About Filesystem Serviceability Enhancements in AIX V4
Contents
About This Document
Related Documentation
Serviceability Enhancements
New Filesystem Error Log Entries
About This Document
This document discusses serviceability enhancements made to the base filesystem
services in AIX since its initial release.
Information in this document is applicable to AIX Versions 4.x.
For more in-depth coverage of this subject, the following IBM publications
are recommended:
- AIX Version 4.3 System Management Guide: Operating System and Devices (SC23-2525)
- AIX Version 4.3 Commands Reference (reference for fsck), Volume 1
The AIX and RS/6000 product documentation library is also available:
http://www.rs6000.ibm.com/resource/
In order to troubleshoot filesystem-related problems more effectively,
several enhancements have been made to the base AIX operating system through
the following APARs.
AIX RELEASE |
APAR |
4.1.5 |
IX83878 |
4.2.1 |
IX82819 and IX84402 |
4.3.2 |
IX86362 |
The enhancements are evident in three areas.
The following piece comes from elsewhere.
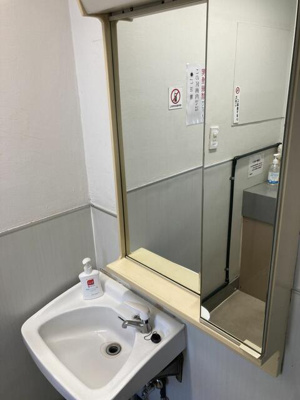  | 神鋼レジスタービル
First, there is a new error code, ECORRUPT (return code 89). This value
is returned to an application from a filesystem system call when non-fatal
(for example, directory) filesystem corruption is detected.
Second, new filesystem error log entries have been added. There are
two classes of new entries.
- Informational: These do not of themselves constitute an error condition.
They are meant to alert the administrator to possible problems; they may
require attention to prevent a problem from occurring.
- Diagnostic: These indicate that a problem has occurred. They are intended to
pinpoint the resource on which a problem has occurred and what kind of problem
has occurred. A service representative may need to be contacted to pursue
these when they occur.
In the case of the ECORRUPT return code, examine the system error log
to gather more information about what may have caused the corruption--such
as a hardware problem or, possibly, downlevel microcode or drivers for
the underlying storage subsystem. Unmount the source filesystem involved with this
return code, and run fsck against it to try to resolve
corruption problems.
In AIX 4.1.5 and 4.3.2, the message returned by perror() for ECORRUPT
is Reserved errno was encountered.
In AIX 4.2.1 and all future releases beyond AIX 4.3.2, the message
returned by perror() for ECORRUPT is Invalid filesystem control data
detected.
Third, the system dump facility has been enhanced to include extensive
filesystem dump information only when a filesystem-related crash has
been detected. In the case of a filesystem-related dump, more information
will be present in the dump to help diagnose the cause. If the crash
is not filesystem related, the amount of filesystem-related information
present in the dump will be reduced. This will generally result in smaller
dumps.
When you receive one of the new error log entries in your
error report, refer to the following list for an explanation
of each new error type and possible actions to take.
Error Description: SPECFS_DDINTPRI |
Error ID: AE26DD07 |
This error is logged when a call to a device driver returns with system
interrupts disabled. A system crash will accompany this. The owner of the
device driver should investigate the cause.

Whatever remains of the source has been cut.